*** Opening of Data listing ***
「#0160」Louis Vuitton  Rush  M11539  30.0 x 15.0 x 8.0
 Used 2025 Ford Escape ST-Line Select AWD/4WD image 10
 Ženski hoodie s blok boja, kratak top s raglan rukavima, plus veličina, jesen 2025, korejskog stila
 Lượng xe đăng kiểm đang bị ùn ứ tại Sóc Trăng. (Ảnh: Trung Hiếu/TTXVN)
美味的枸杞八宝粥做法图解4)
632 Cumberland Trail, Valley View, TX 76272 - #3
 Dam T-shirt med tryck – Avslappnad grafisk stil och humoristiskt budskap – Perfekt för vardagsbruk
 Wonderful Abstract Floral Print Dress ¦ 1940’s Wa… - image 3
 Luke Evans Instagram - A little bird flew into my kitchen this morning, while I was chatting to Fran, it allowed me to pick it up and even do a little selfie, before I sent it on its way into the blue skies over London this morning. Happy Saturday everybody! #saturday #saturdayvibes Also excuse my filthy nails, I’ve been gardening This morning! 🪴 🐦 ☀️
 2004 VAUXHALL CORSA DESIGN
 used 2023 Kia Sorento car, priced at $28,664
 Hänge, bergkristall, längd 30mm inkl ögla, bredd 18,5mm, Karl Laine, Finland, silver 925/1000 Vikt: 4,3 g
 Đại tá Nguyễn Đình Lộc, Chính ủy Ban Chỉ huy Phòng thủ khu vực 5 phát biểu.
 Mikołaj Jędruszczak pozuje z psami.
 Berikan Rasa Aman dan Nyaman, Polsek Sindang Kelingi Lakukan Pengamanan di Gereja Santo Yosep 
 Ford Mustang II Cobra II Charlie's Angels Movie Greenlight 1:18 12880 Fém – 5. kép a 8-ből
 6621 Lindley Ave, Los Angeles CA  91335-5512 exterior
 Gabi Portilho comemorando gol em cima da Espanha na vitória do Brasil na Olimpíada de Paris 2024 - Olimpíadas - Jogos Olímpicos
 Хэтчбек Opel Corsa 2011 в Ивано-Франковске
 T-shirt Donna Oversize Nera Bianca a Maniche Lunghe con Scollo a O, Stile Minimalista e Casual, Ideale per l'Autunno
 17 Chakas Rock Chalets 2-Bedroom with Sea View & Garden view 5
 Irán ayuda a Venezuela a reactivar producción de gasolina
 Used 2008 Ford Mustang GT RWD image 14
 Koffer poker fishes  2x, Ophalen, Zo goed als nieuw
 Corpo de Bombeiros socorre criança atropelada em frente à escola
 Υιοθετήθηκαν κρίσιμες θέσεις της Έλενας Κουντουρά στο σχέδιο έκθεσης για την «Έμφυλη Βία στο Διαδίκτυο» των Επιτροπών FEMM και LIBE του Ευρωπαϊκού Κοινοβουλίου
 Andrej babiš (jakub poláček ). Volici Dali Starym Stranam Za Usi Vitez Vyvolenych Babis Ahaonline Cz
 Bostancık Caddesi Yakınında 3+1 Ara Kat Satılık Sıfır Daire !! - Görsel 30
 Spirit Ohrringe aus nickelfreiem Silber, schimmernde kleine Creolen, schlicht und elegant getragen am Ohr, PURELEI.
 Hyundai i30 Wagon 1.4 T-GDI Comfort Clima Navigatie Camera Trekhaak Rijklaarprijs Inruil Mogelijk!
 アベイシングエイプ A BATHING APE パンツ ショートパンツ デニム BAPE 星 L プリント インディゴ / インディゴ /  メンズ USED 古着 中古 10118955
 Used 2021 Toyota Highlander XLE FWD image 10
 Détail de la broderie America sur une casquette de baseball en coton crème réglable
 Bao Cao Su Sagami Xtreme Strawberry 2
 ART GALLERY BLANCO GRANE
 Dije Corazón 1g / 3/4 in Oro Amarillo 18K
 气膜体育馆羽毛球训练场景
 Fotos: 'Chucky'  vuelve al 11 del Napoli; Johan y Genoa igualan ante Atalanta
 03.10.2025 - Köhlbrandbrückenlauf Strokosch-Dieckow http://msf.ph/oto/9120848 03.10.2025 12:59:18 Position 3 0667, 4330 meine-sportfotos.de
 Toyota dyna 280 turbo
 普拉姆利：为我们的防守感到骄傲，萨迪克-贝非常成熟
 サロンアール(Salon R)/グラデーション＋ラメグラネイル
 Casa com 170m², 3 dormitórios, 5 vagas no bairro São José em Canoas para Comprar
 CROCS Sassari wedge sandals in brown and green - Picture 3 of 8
*** Close of Data listing ***
Task to complete: In the entries above, tally the lines containing the word "Toyota" and return only the tally.

Problem solution: 2